→ **Work instructions**:
All entries are to be transcribed verbatim, but images are not carried over.

→ **Records for processing**:
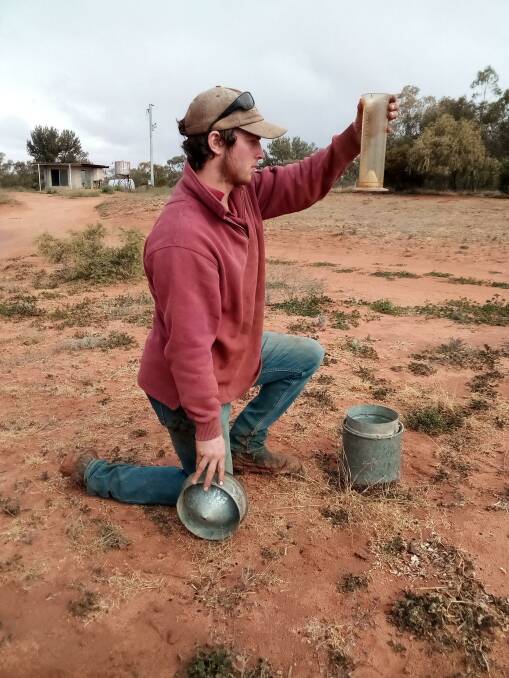 Kiwi jackeroo Luke Hillis checks the rain gauge at Langawirra where 15.6mm fell on Friday morning, north of Broken Hill. Photo by Lachlan Gall. Some stations nearby only received a few millimetres.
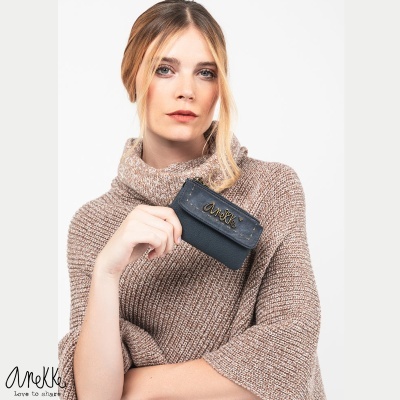Mulher a segurar uma carteira preta de pele com fecho dourado e inscrição Anekke
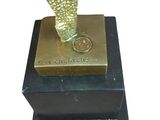 statue of an owl on a black base with a gold base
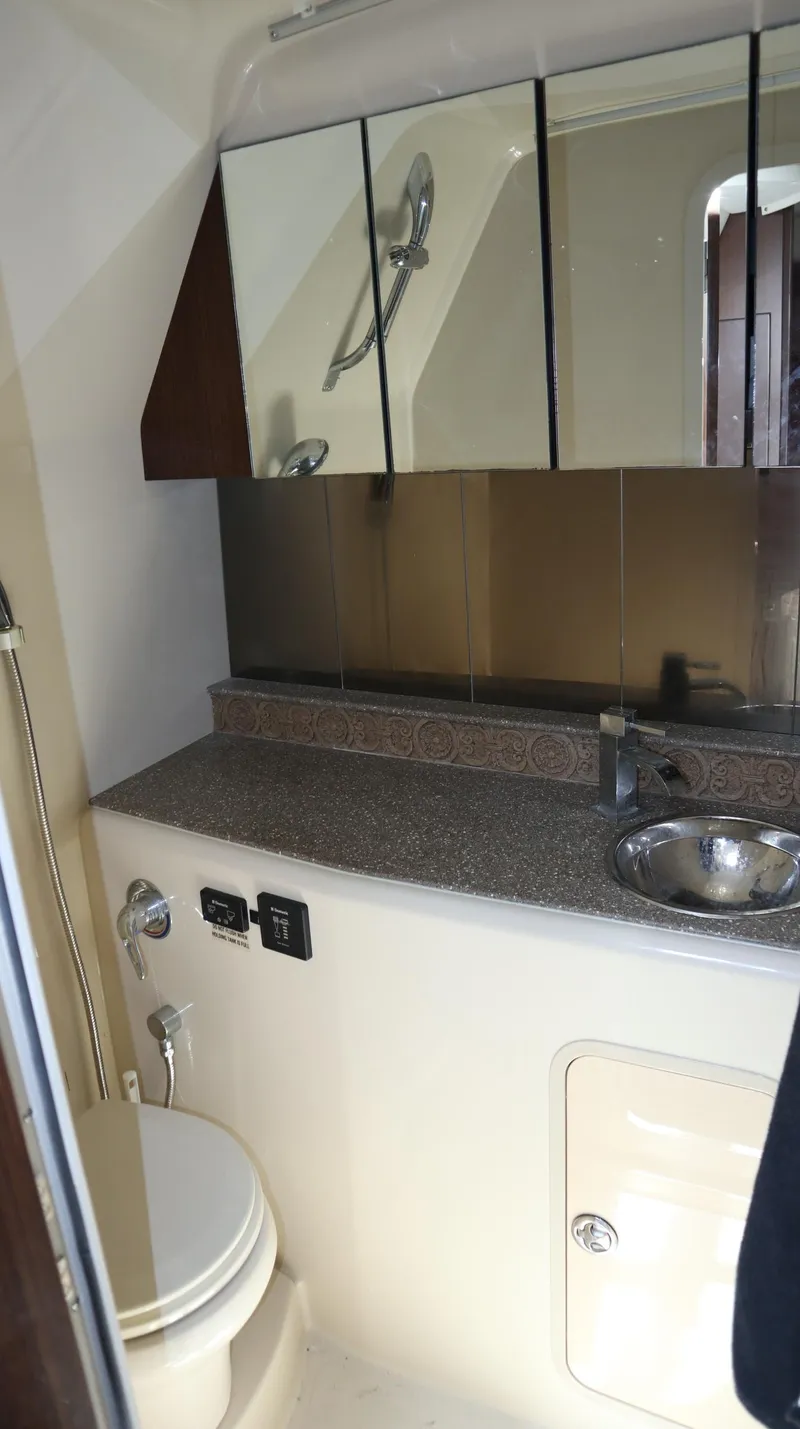 Slide: The Image of 2012 Cruisers Yachts 350 Express bathroom with sink, mirror, and toilet. - 29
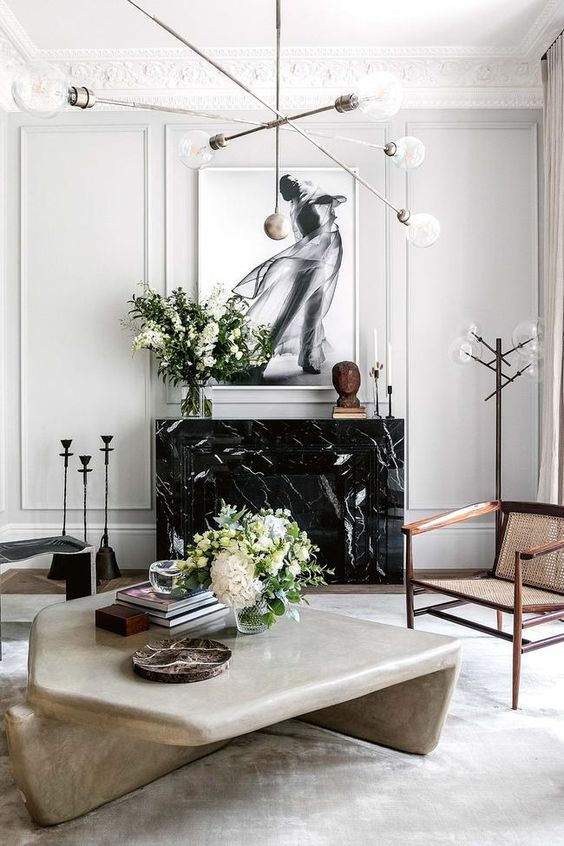 a sophisticated neutral living room with a black marble fireplace, an oversized artwork, a sculptural table and woodne chairs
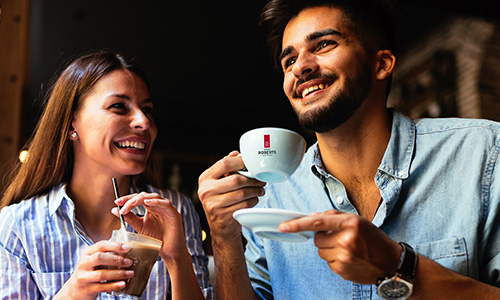 Couple drinking Robert Roberts Coffee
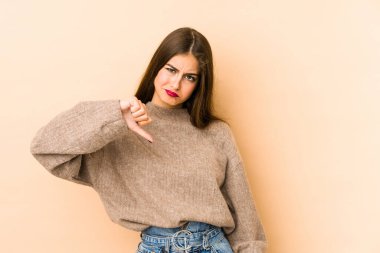 Beyazlı genç bir kadın bej arka planda izole edilmiş, hoşlanmadığı bir jest gösteriyor, başparmakları aşağıda. Anlaşmazlık konsepti.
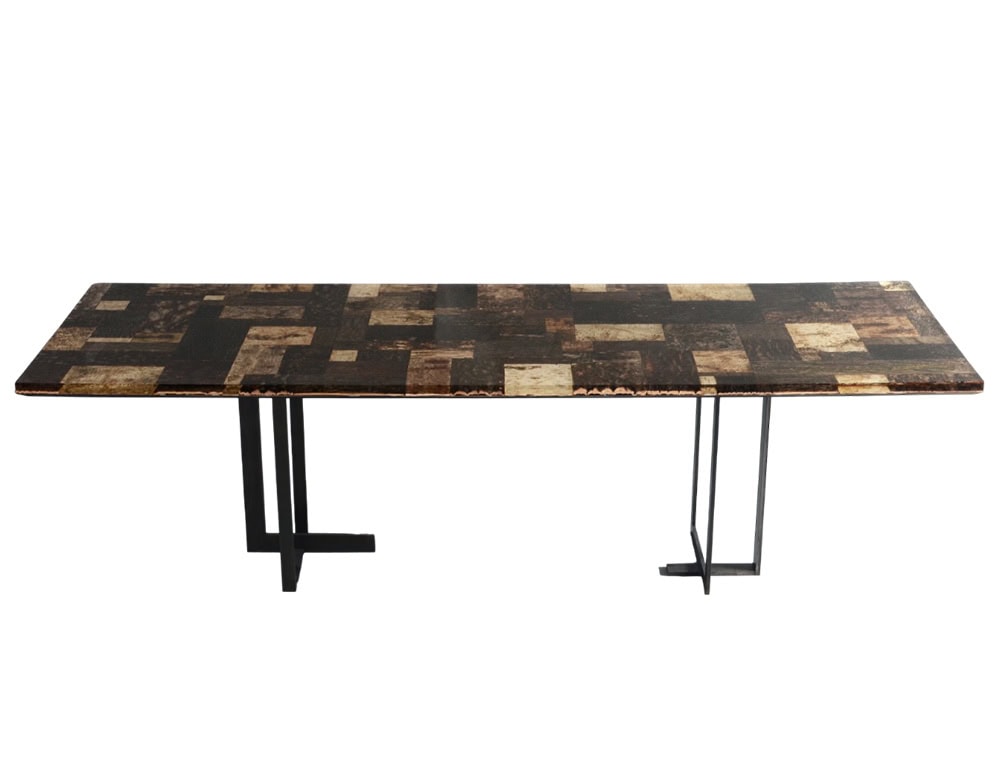 Phellem Dining Table features a patchwork cork surface in deep and light tones, supported by slim metal legs. The geometric pattern and natural texture create a bold yet refined dining centerpiece.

→ **Answer area**:
 Kiwi jackeroo Luke Hillis checks the rain gauge at Langawirra where 15.6mm fell on Friday morning, north of Broken Hill. Photo by Lachlan Gall. Some stations nearby only received a few millimetres.
Mulher a segurar uma carteira preta de pele com fecho dourado e inscrição Anekke
 statue of an owl on a black base with a gold base
 Slide: The Image of 2012 Cruisers Yachts 350 Express bathroom with sink, mirror, and toilet. - 29
 a sophisticated neutral living room with a black marble fireplace, an oversized artwork, a sculptural table and woodne chairs
 Couple drinking Robert Roberts Coffee
 Beyazlı genç bir kadın bej arka planda izole edilmiş, hoşlanmadığı bir jest gösteriyor, başparmakları aşağıda. Anlaşmazlık konsepti.
 Phellem Dining Table features a patchwork cork surface in deep and light tones, supported by slim metal legs. The geometric pattern and natural texture create a bold yet refined dining centerpiece.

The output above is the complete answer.